Segment Start: Data excerpts
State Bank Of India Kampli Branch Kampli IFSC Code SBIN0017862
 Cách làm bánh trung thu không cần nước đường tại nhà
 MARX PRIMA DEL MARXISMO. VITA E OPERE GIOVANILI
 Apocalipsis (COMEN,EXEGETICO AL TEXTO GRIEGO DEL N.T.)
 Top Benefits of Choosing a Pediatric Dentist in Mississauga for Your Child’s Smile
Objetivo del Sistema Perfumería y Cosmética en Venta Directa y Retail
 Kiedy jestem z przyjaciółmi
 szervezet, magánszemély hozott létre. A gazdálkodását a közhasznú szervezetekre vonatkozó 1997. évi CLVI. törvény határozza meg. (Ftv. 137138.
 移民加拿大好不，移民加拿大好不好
Segment End: Data excerpts
▶ _What the exercise asks_
Please transcribe only the portion of the material that starts at the line containing "Top Benefits of" and runs through its last line, inclusive, exactly as given.

▶ _Output of the exercise_
 Top Benefits of Choosing a Pediatric Dentist in Mississauga for Your Child’s Smile
Objetivo del Sistema Perfumería y Cosmética en Venta Directa y Retail
 Kiedy jestem z przyjaciółmi
 szervezet, magánszemély hozott létre. A gazdálkodását a közhasznú szervezetekre vonatkozó 1997. évi CLVI. törvény határozza meg. (Ftv. 137138.
 移民加拿大好不，移民加拿大好不好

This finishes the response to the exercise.